And what is this magical "ion exchange resin"? The resin is comprised of little polymer beads, which are charged particles having an affinity for uranium anions. "There are literally millions of these small resin beads in a vessel, which can adsorb low concentration of uranium in solution," said Anthony. Adsorption is when something is attracted to something else or clings to it, like static electricity.

Why do you have to process uranium like this? "In essence, the ion exchange process is a beneficiation (reduction) process that concentrates large volumes of low concentrate uranium solution into a much smaller volume containing a much higher concentration of uranium," said Anthony. In other words, the beneficiation is just concentrating the uranium from the large volume of water in which it is mined into a more compact form. The preferred means is through an ion exchange.

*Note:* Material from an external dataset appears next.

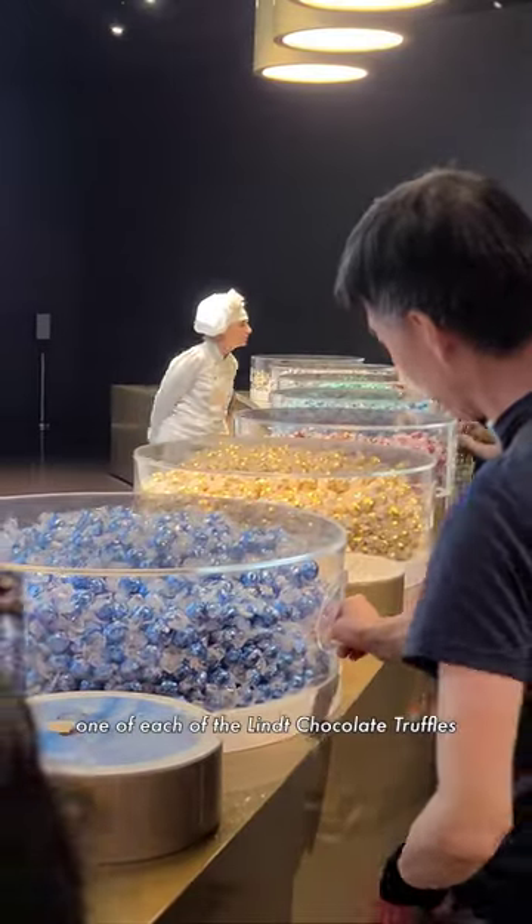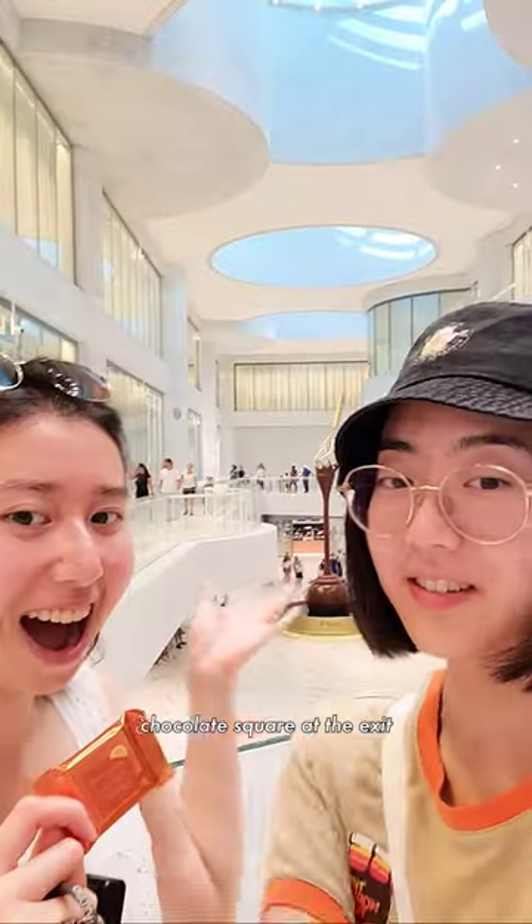You can even take home one of each of the Lindt chocolate truffles, plus one extra chocolate square at the exit.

Anthony gave a real-life example of the beneficiation process, "Three million gallons of wellfield solution containing dilute concentrations of uranium, of 100 parts per million minus 0.10 grams/liter, is passed through a bed of ion exchange resin. This might take 24 hours to achieve if the solution is flowing at 2,500 gallons per minute. After this length of time, the resin becomes loaded with approximately 2,500 pounds of uranium."

STRIPPING THE URANIUM

Stripping the uranium is called the elution process. This is done through a chemical exchange of positively and negatively charged ions. Resins are classified by the charge on the active sites. "The active sites on the resin are positively charged for anion resins and negatively charged for cation resins," Norris enlightened us. "The resin's ability to extract chemical ions from a solution is derived from what's called an active site," he continued. "In our case, chloride ions obtained from ordinary tale salt are used to stabilize or temporarily neutralize this positively charged active site." The negatively charged chloride ion sticks to the positively charged site, held in place by what Norris called "electrostatic forces." When the negatively charged ions, such as uranyl dicarbonate, are placed in contact with the solution, it will kick off the chloride and replace that with the uranyl dicarbonate.


That was the chemistry lesson. Anthony summed it up in a nutshell, "They just displace it. There's a greater affinity for the chloride ion to the resin than there is for the uranium. So, the uranium is stripped from the resin bed." The processing facility chemically strips the loaded uranium from the resin by soaking the entire package of uranium-laden resin in a salt bath solution. "The volume of salt solution is on the order of 10,000 gallons resulting in a solution concentration of 30 grams/liter uranium," Anthony said, describing the process of how the uranium becomes concentrated. "The stripped uranium solution concentration is magnified 300 times more than the wellfield solution," he informed us. "The concentration level can now be economically processed for recovery: precipitation, dewatering, drying and drumming for a nuclear facility."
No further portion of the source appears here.